- _WHAT YOU SHOULD DO_:
Transcribe all the material exactly. Leave every line as it is.

+++ LISTED ENTRIES +++

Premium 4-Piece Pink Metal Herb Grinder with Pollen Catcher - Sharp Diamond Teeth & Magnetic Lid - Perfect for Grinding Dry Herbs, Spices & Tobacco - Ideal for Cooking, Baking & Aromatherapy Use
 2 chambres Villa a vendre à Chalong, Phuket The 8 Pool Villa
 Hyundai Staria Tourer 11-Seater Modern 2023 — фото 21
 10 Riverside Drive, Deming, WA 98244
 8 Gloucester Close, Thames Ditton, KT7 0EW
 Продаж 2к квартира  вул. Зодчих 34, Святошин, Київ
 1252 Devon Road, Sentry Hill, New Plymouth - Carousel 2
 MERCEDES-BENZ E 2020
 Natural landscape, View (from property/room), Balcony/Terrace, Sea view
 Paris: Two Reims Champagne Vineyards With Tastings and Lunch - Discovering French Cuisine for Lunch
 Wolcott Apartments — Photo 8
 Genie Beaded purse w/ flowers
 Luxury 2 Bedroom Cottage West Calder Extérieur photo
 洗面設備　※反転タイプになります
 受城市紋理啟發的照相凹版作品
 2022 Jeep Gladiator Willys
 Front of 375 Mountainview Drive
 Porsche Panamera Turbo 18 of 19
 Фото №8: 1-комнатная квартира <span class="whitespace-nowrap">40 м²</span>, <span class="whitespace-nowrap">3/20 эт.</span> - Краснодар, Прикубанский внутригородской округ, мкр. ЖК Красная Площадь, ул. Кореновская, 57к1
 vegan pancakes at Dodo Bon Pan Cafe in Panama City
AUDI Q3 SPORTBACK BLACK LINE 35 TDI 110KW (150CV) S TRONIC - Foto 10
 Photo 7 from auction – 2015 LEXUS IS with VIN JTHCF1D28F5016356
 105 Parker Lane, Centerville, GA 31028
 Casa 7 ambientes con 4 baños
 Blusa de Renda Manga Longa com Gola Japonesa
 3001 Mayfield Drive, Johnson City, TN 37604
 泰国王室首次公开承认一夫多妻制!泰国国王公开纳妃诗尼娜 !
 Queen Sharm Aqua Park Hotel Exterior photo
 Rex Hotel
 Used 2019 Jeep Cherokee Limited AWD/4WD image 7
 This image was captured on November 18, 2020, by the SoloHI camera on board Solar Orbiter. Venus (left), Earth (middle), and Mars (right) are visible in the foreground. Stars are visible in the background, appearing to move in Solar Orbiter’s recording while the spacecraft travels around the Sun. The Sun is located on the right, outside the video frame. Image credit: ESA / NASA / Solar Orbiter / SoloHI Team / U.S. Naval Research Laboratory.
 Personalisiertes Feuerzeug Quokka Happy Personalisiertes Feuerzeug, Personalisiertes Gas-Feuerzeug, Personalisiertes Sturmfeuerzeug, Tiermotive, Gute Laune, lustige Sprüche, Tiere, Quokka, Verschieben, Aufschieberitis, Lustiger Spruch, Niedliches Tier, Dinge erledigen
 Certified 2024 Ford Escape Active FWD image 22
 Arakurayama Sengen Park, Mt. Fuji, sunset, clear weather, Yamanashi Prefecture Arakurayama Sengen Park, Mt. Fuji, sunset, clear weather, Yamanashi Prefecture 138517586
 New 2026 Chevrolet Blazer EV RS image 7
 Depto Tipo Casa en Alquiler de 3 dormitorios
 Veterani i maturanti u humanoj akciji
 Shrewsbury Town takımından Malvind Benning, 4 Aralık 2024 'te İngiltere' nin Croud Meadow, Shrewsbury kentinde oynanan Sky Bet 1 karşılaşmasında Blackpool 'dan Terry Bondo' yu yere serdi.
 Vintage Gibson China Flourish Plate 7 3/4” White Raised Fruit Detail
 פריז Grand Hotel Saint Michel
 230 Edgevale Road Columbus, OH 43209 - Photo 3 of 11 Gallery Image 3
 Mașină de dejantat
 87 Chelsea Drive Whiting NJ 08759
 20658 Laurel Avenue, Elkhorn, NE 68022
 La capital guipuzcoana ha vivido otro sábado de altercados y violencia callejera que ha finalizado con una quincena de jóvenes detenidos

+++

- _TASK SOLUTION_:
Premium 4-Piece Pink Metal Herb Grinder with Pollen Catcher - Sharp Diamond Teeth & Magnetic Lid - Perfect for Grinding Dry Herbs, Spices & Tobacco - Ideal for Cooking, Baking & Aromatherapy Use
 2 chambres Villa a vendre à Chalong, Phuket The 8 Pool Villa
 Hyundai Staria Tourer 11-Seater Modern 2023 — фото 21
 10 Riverside Drive, Deming, WA 98244
 8 Gloucester Close, Thames Ditton, KT7 0EW
 Продаж 2к квартира  вул. Зодчих 34, Святошин, Київ
 1252 Devon Road, Sentry Hill, New Plymouth - Carousel 2
 MERCEDES-BENZ E 2020
 Natural landscape, View (from property/room), Balcony/Terrace, Sea view
 Paris: Two Reims Champagne Vineyards With Tastings and Lunch - Discovering French Cuisine for Lunch
 Wolcott Apartments — Photo 8
 Genie Beaded purse w/ flowers
 Luxury 2 Bedroom Cottage West Calder Extérieur photo
 洗面設備　※反転タイプになります
 受城市紋理啟發的照相凹版作品
 2022 Jeep Gladiator Willys
 Front of 375 Mountainview Drive
 Porsche Panamera Turbo 18 of 19
 Фото №8: 1-комнатная квартира <span class="whitespace-nowrap">40 м²</span>, <span class="whitespace-nowrap">3/20 эт.</span> - Краснодар, Прикубанский внутригородской округ, мкр. ЖК Красная Площадь, ул. Кореновская, 57к1
 vegan pancakes at Dodo Bon Pan Cafe in Panama City
AUDI Q3 SPORTBACK BLACK LINE 35 TDI 110KW (150CV) S TRONIC - Foto 10
 Photo 7 from auction – 2015 LEXUS IS with VIN JTHCF1D28F5016356
 105 Parker Lane, Centerville, GA 31028
 Casa 7 ambientes con 4 baños
 Blusa de Renda Manga Longa com Gola Japonesa
 3001 Mayfield Drive, Johnson City, TN 37604
 泰国王室首次公开承认一夫多妻制!泰国国王公开纳妃诗尼娜 !
 Queen Sharm Aqua Park Hotel Exterior photo
 Rex Hotel
 Used 2019 Jeep Cherokee Limited AWD/4WD image 7
 This image was captured on November 18, 2020, by the SoloHI camera on board Solar Orbiter. Venus (left), Earth (middle), and Mars (right) are visible in the foreground. Stars are visible in the background, appearing to move in Solar Orbiter’s recording while the spacecraft travels around the Sun. The Sun is located on the right, outside the video frame. Image credit: ESA / NASA / Solar Orbiter / SoloHI Team / U.S. Naval Research Laboratory.
 Personalisiertes Feuerzeug Quokka Happy Personalisiertes Feuerzeug, Personalisiertes Gas-Feuerzeug, Personalisiertes Sturmfeuerzeug, Tiermotive, Gute Laune, lustige Sprüche, Tiere, Quokka, Verschieben, Aufschieberitis, Lustiger Spruch, Niedliches Tier, Dinge erledigen
 Certified 2024 Ford Escape Active FWD image 22
 Arakurayama Sengen Park, Mt. Fuji, sunset, clear weather, Yamanashi Prefecture Arakurayama Sengen Park, Mt. Fuji, sunset, clear weather, Yamanashi Prefecture 138517586
 New 2026 Chevrolet Blazer EV RS image 7
 Depto Tipo Casa en Alquiler de 3 dormitorios
 Veterani i maturanti u humanoj akciji
 Shrewsbury Town takımından Malvind Benning, 4 Aralık 2024 'te İngiltere' nin Croud Meadow, Shrewsbury kentinde oynanan Sky Bet 1 karşılaşmasında Blackpool 'dan Terry Bondo' yu yere serdi.
 Vintage Gibson China Flourish Plate 7 3/4” White Raised Fruit Detail
 פריז Grand Hotel Saint Michel
 230 Edgevale Road Columbus, OH 43209 - Photo 3 of 11 Gallery Image 3
 Mașină de dejantat
 87 Chelsea Drive Whiting NJ 08759
 20658 Laurel Avenue, Elkhorn, NE 68022
 La capital guipuzcoana ha vivido otro sábado de altercados y violencia callejera que ha finalizado con una quincena de jóvenes detenidos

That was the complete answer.